Although the movie has been screened broadly, and eating the dolphin meat is actually risky for human health, especially children and pregnant women due to high levels of mercury contamination, the dolphin slaughter is still going on.
O’Barry, the veteran dolphin activist, said the meat could be used for fertilizer, pet food and sometimes is served as a free lunch for students in Japan. Moreover, many people are really not aware of the issue and still consuming. He spoke in a Q&A session at Hong Kong Baptist University Tuesday after showing part of The Cove.
“It’s all about supply and demand. If there is no demand, it (the dolphin slaughter) will be ended.” O’Barry said. “The mercury poisoning is also a worldwide problem, not only Japanese.”
The director of the Save Japan Dolphins Campaign also commented those dolphinariums seeking business benefits from their dolphins’ show arrangements, indicating that it is the main factor contributing to the ongoing dolphin hunting.

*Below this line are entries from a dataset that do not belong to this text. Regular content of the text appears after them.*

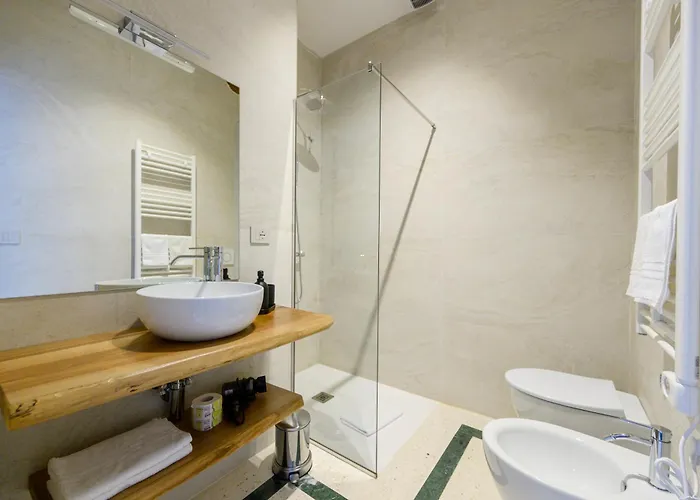 Nike Country Retreat - Rifugio Di Campagna Venkovský dům *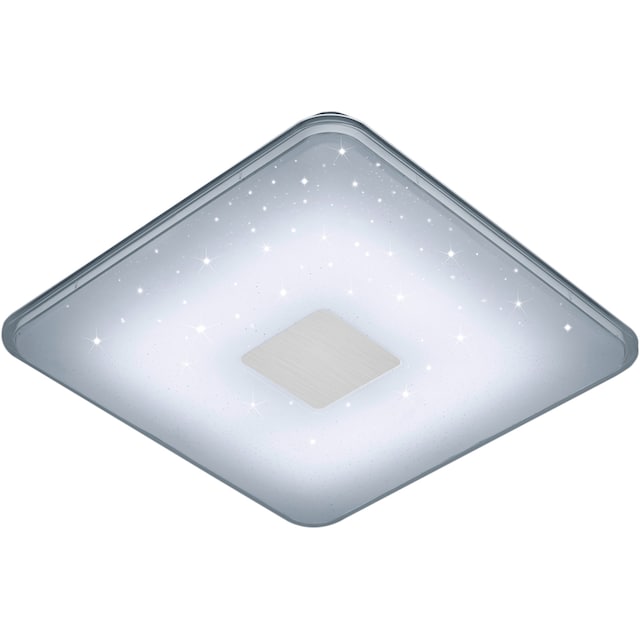 TRIO Leuchten LED Deckenleuchte »SAMURAI«, LED Deckenlampe online kaufen |  mit 3 Jahren XXL Garantie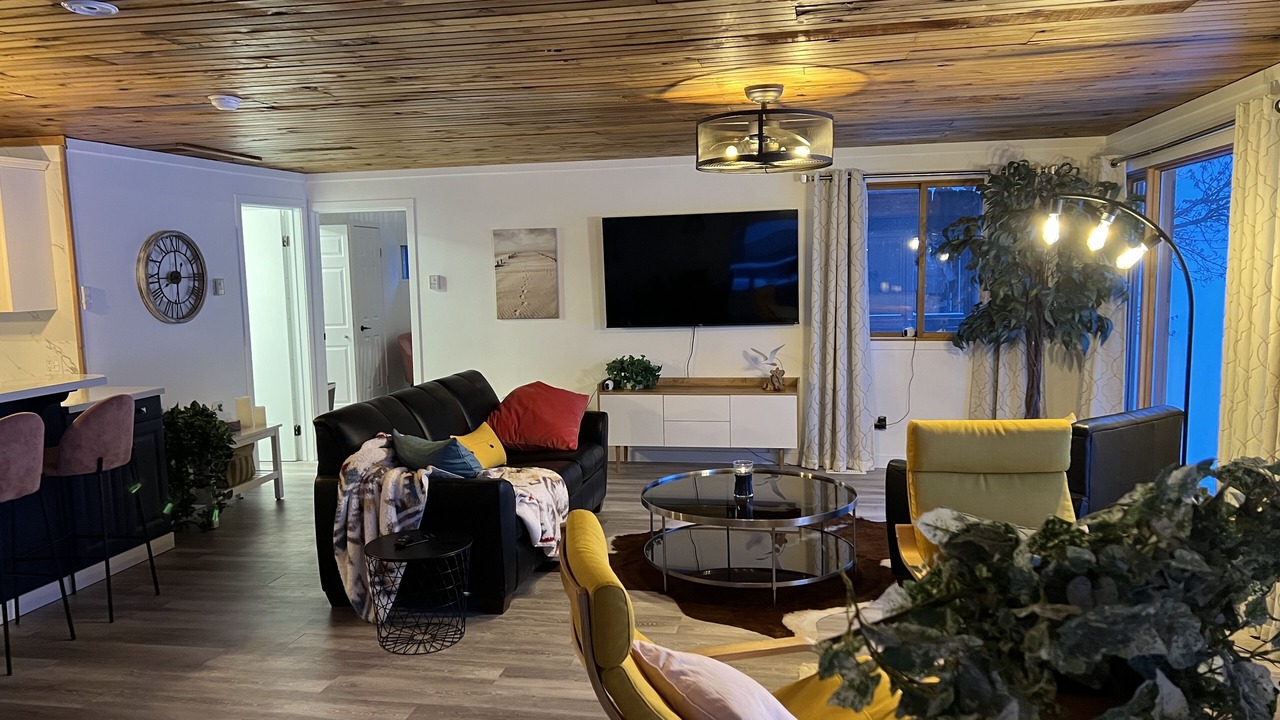 Photo of Livingroom in Melville Beach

He said, “Dolphin doesn’t belong to amusement parks, it belongs to the sea.”
The dolphin hero emphasized the main objective of the film production for raising awareness among the public only. The movie does not aim at destroying Japan’s image.
“Only 48 people in Taiji are killing dolphins, not the whole town or country.” O’Barry said, “I love Japan and Japanese people.”
Giant online retailer Amazon.com on March 7, 2012 has banned the sale of all whale and dolphin products in its Amazon Japan website. The action was made in response to hundreds of thousands of petitions submitted online by people worldwide in a campaign led by Humane Society International, an international organization working for animal protection issues.
The dolphin hunt happens not only in Japan, but also in many parts of the world. As the main predators with readiness of brain, arms and technologies, there are many other menus, which are safer and probably tastier. Killing dolphins, such intelligent animals, for cooking seems to be too sensitive and unacceptable. In other words, they are too cute to be slaughtered.